• **Your task**
Your answer should be the lines below from the one holding "Boîte de classement" through the one holding "In The Garden av Boris Grigoriev", copied exactly and with nothing else.
*** Entries shown Section Begins ***
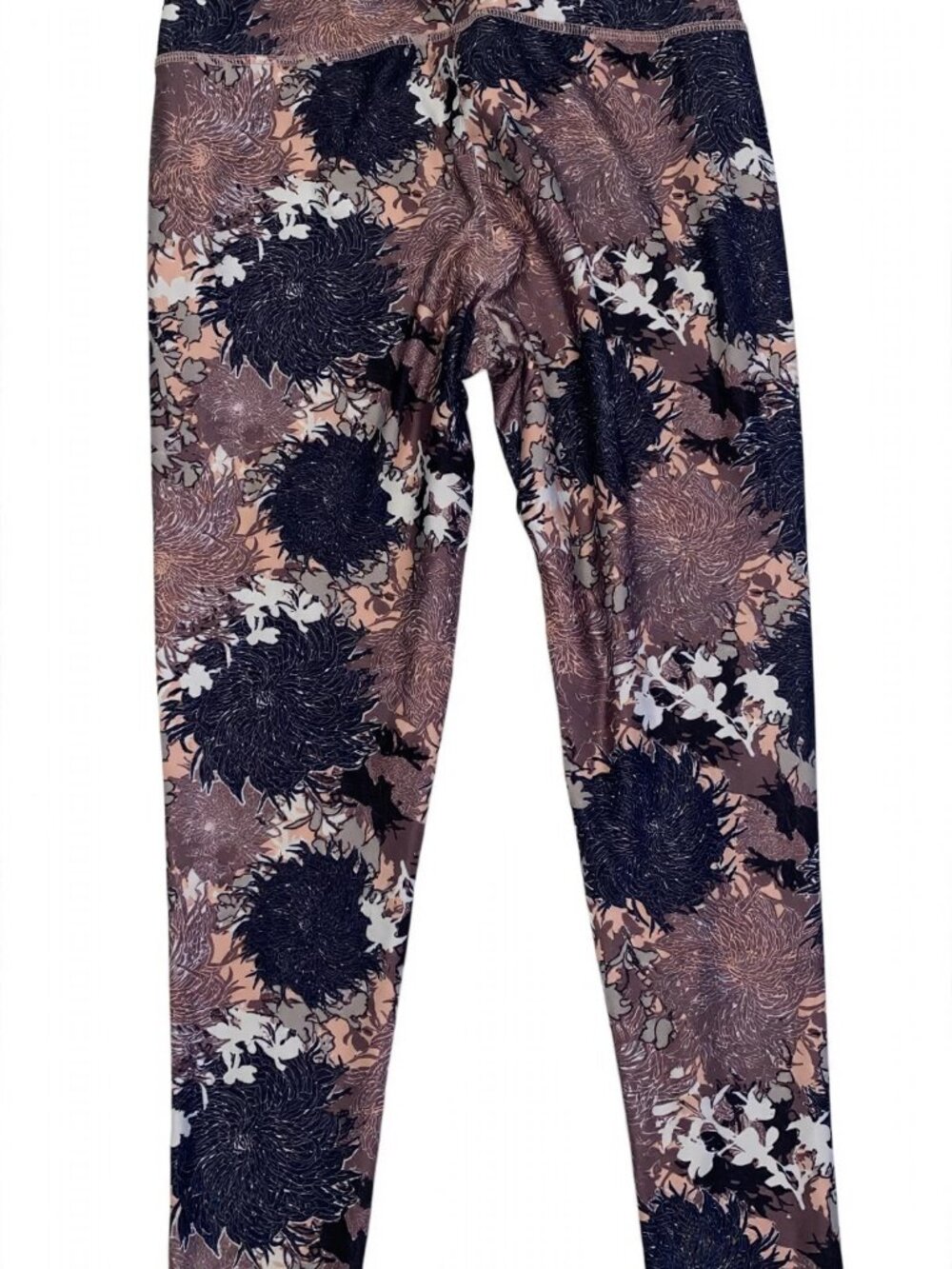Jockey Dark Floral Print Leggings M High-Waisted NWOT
*** Entries shown Section Ends ***
*** Entries shown Section Begins ***
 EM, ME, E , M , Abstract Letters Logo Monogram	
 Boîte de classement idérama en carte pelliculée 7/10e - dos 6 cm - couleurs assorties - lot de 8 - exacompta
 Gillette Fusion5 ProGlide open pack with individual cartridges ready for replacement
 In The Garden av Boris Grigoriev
*** Entries shown Section Ends ***
• **Task response**
 Boîte de classement idérama en carte pelliculée 7/10e - dos 6 cm - couleurs assorties - lot de 8 - exacompta
 Gillette Fusion5 ProGlide open pack with individual cartridges ready for replacement
 In The Garden av Boris Grigoriev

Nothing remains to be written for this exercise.